In a statement yesterday, Smith said that censorship doesn’t include enforcing laws against “foreign thieves” who steal content.

The domain name issue was a problem (and also, it opens a can of worms about which nation - or nations - can exercise "control" of the internet "backbone", a fight I suppose the US does not want to start right now) Now it's not.

It also means that the biggest offenders, the sites that *DO* abuse US copyrights, mostly located in China, Russia, etc. are immune.

*DING* Structure issue solved, Obama will sign.

I leave the cybersecurity issues for somebody more technologically astute than I to explain. I don't know much about that aspect of the bill, though I dimly remember reading something about how implementation of SOPA may create security issues.

2   MisdemeanorRebel   @   2012 Jan 14, 5:27pm  

After writing the above, I went and read the WH Blog:

Any effort to combat online piracy must guard against the risk of online censorship of lawful activity and must not inhibit innovation by our dynamic businesses large and small.

The qualifies are different here than the apparent paraphrase in the BW article:

While we believe that online piracy by foreign websites is a serious problem that requires a serious legislative response, we will not support legislation that reduces freedom of expression, increases cybersecurity risk, or undermines the dynamic, innovative global Internet.


http://www.whitehouse.gov/blog/2012/01/14/obama-administration-responds-we-people-petitions-sopa-and-online-piracy

Freedom of Expression in the United States is not unlimited, of course. Is the government giving more tools to assist IP holders in going after "IP rights violators" a reduction of freedom of expression?

My earlier assertion that aggressive IP Enforcement processes are not being considered a form of Censorship is still reasonable, I think. The freedom of expression generally doesn't exclude the idea that you are "violating IP rights", which is not a "Lawful Activity".

This statement I think encapsulates the WH's position:

That is why the Administration calls on all sides to work together to pass sound legislation this year that provides prosecutors and rights holders new legal tools to combat online piracy originating beyond U.S. borders while staying true to the principles outlined above in this response. We should never let criminals hide behind a hollow embrace of legitimate American values.

Here's what's going to happen. Obama needs to please two industries that are at loggerheads over SOPA: Internet Companies like Google and Facebook on one hand, and the Entertainment Industry on the other. Both big sources of money for his 2012 Campaign as well as the Democratic Party.

The best case scenario for him is that the bill is pushed back past the Elections, and he will use all his charm to convince the voters, the Internet Companies, and the Entertainment Industry he's going to only sign a bill that has the best of what they all respectively (don't) want if he is relected.

It's also the worst case scenario for the public, since a second term Obama won't have to pander to the Techie Voters and Liberal Base and can sign an Entertainment Industry friendly bill without any consequences for himself.

Failing that, he's going to push to water down the provisions that penalize or require onerous compliance for Online Advertisers, Search Engines, etc.
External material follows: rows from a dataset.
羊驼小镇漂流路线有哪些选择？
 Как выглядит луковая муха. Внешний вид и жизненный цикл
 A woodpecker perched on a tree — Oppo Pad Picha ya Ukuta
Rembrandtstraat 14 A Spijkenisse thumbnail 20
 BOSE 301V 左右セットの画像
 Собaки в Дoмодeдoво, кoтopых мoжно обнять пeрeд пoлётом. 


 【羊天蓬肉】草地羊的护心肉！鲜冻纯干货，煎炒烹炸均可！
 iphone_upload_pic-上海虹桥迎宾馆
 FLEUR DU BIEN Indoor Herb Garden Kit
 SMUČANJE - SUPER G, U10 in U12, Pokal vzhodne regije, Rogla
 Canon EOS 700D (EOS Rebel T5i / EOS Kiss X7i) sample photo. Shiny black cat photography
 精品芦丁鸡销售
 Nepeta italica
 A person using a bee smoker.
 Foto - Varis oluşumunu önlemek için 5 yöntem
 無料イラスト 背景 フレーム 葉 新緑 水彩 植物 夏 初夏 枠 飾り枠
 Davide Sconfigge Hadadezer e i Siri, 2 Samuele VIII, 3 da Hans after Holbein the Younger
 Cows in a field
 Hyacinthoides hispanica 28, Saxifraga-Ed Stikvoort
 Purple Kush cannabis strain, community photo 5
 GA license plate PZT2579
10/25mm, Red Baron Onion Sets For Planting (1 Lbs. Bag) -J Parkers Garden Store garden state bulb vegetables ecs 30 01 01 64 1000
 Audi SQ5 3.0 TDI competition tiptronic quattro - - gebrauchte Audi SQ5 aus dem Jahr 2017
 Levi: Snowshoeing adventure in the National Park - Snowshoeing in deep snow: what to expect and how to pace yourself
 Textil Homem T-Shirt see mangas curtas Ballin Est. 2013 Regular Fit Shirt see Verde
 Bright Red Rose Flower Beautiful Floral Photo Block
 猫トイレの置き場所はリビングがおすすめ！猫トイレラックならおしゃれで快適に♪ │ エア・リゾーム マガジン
At the same time, he's going to let the current SOPA process more or less continue as it is when it comes to websites, to satisfy the members of the MPAA and RIAA --- and DLC Piper.

3   msilenus   @   2012 Jan 15, 3:52am  

Oh please. You have to see that someone else could just as easily invert your formatting to get:

That is why the Administration calls on all sides to work together to pass sound legislation this year that provides prosecutors and rights holders new legal tools to combat online piracy originating beyond U.S. borders while staying true to the principles outlined above in this response. We should never let criminals hide behind a hollow embrace of legitimate American values.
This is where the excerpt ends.